Problem description
Please repeat, exactly as written, the line containing "Used 2009 Chevrolet Malibu LS image 15" and every line after it through the end of the records below, leaving out any pictures.

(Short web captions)
+ + + + +
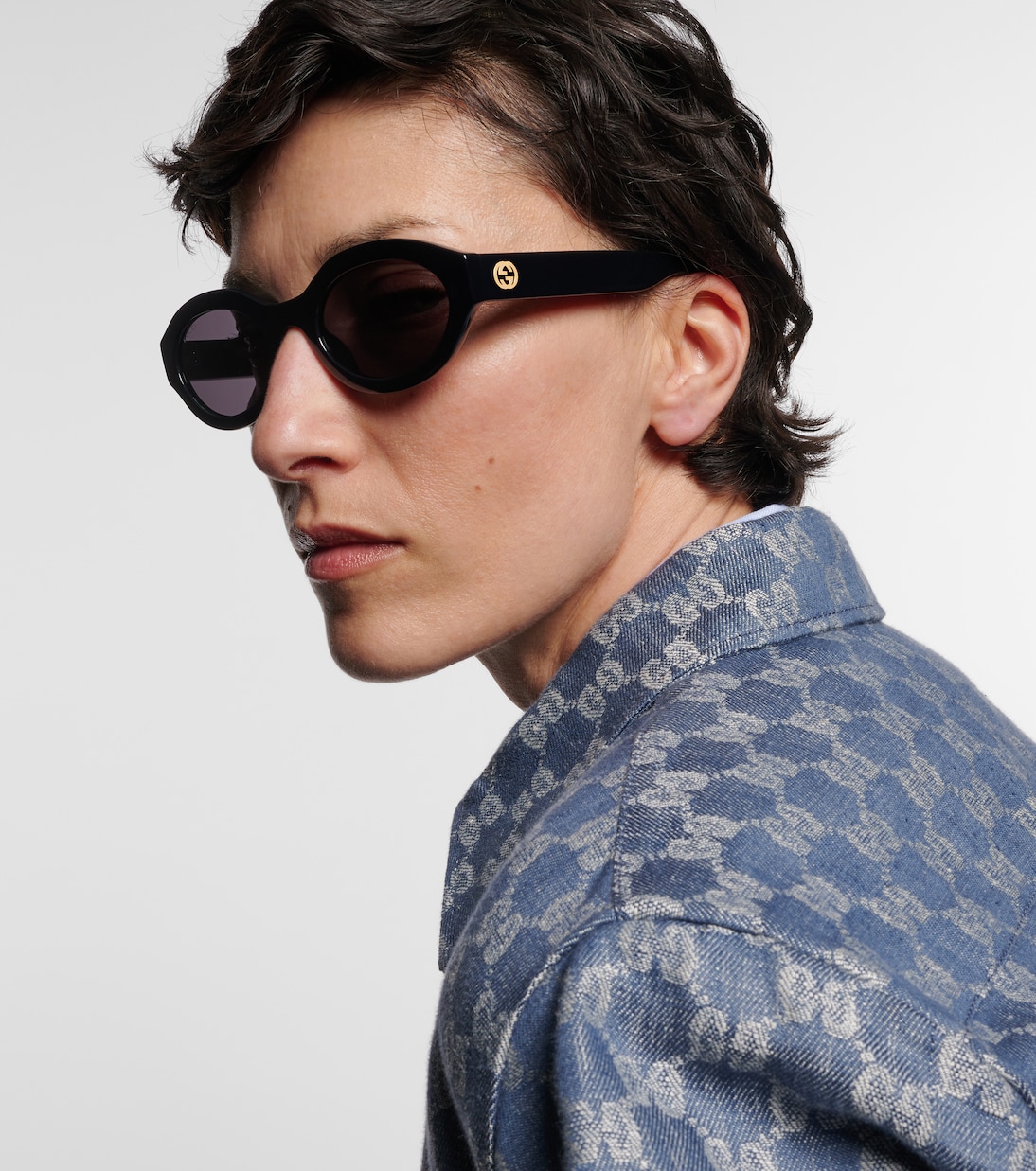 Minimal GG oval sunglasses | Gucci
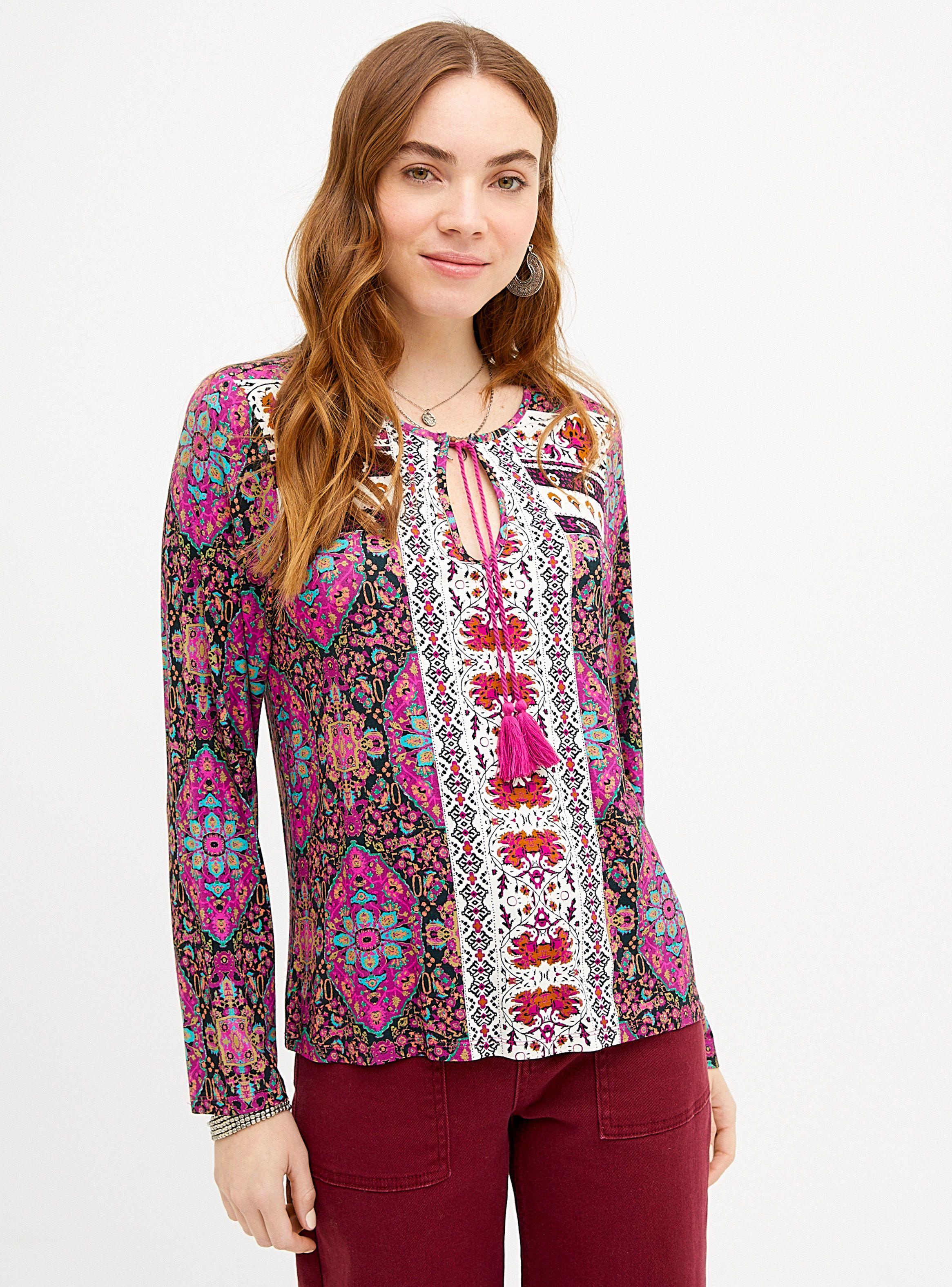 Polera Estampada con Abertura en Cuello y Terminación de Pompones-0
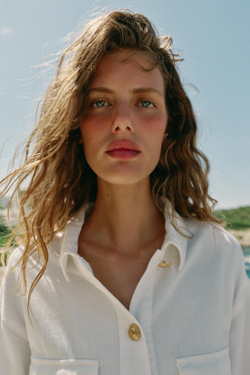 ZARA КУРТКА С ЗОЛОТИСТЫМИ ПУГОВИЦАМИ, БЕЛЫЙ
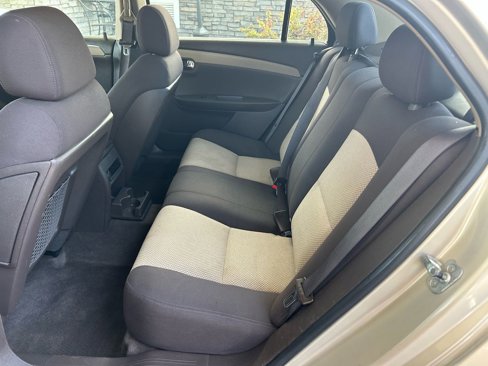 Used 2009 Chevrolet Malibu LS image 15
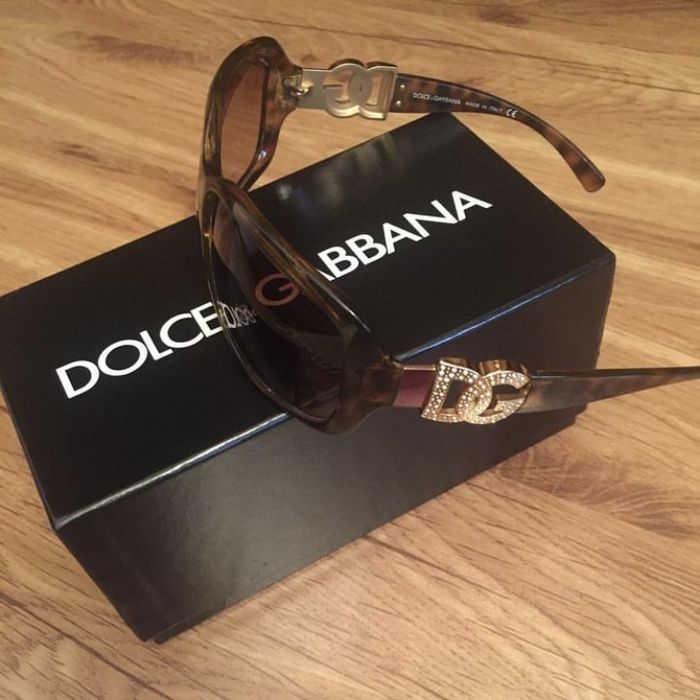 Очки солнцезащитные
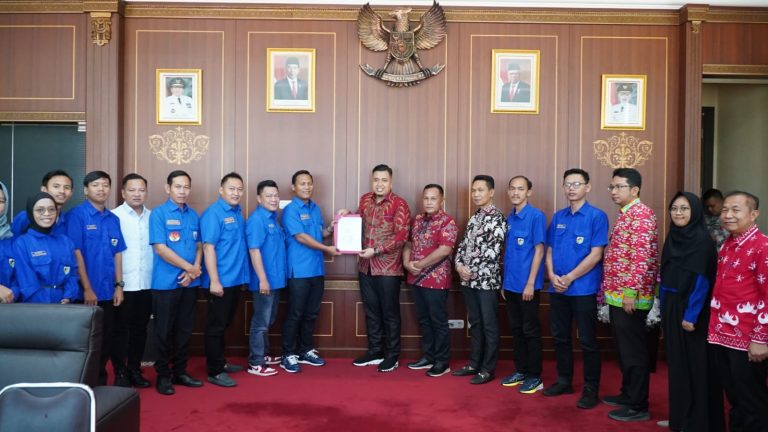 8a269b09-18c1-43e1-a032-cf74f0fc93d1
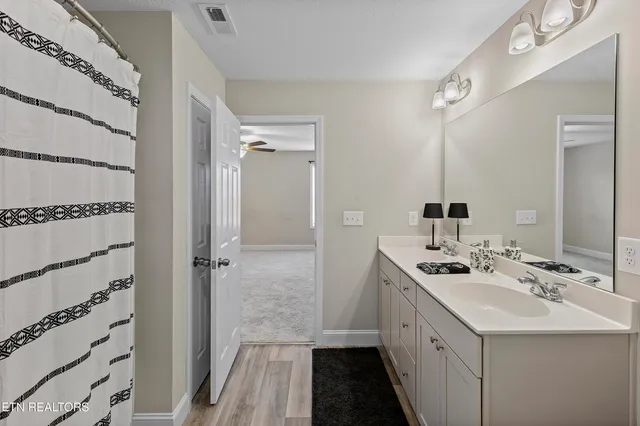 $419,900 | 1234 Solstice Drive, Powell, TN 37849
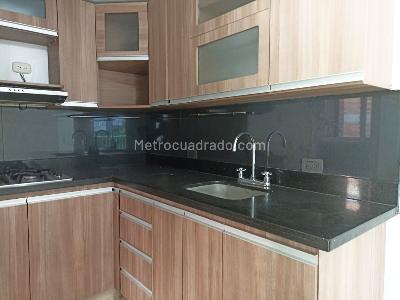 Apartamento de 3 alcobas en arriendo en Belen, Medellín, 86 m² · foto 5 de 18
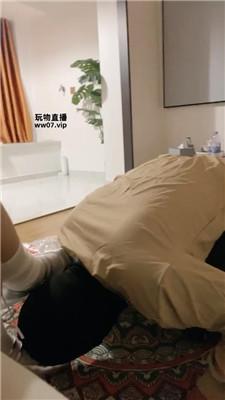 【妮妮大大】白袜玉足踩踏喂食 JS250317-29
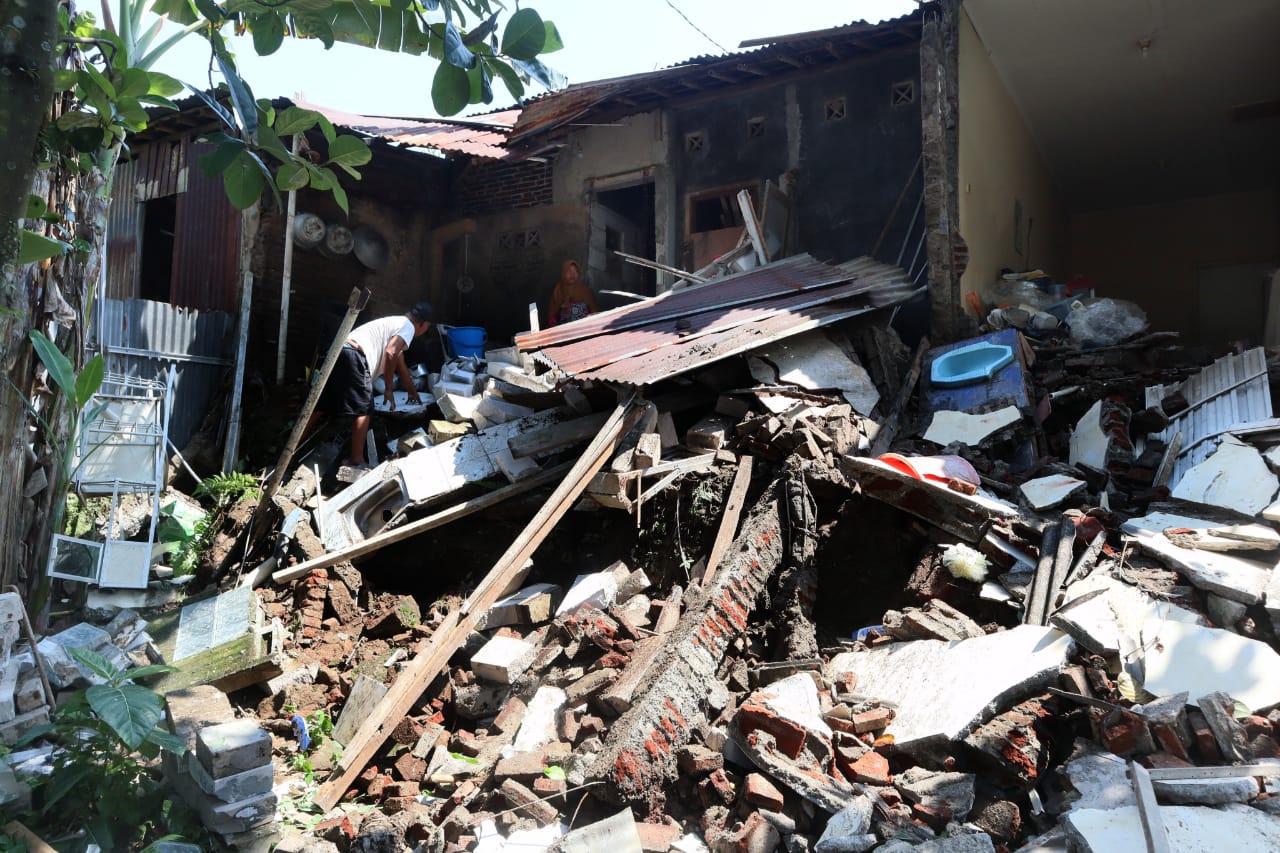 Empat Rumah Terdampak Akibat Bencana Longsor dan Angin di Banyumas 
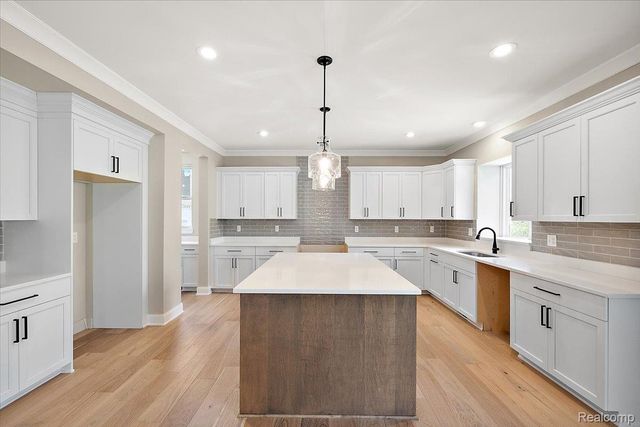 50419 Arcadia Drive, Macomb Township, MI 48042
+ + + + +
Written answer
 Used 2009 Chevrolet Malibu LS image 15
 Очки солнцезащитные
 8a269b09-18c1-43e1-a032-cf74f0fc93d1
 $419,900 | 1234 Solstice Drive, Powell, TN 37849
 Apartamento de 3 alcobas en arriendo en Belen, Medellín, 86 m² · foto 5 de 18
 【妮妮大大】白袜玉足踩踏喂食 JS250317-29
 Empat Rumah Terdampak Akibat Bencana Longsor dan Angin di Banyumas 
 50419 Arcadia Drive, Macomb Township, MI 48042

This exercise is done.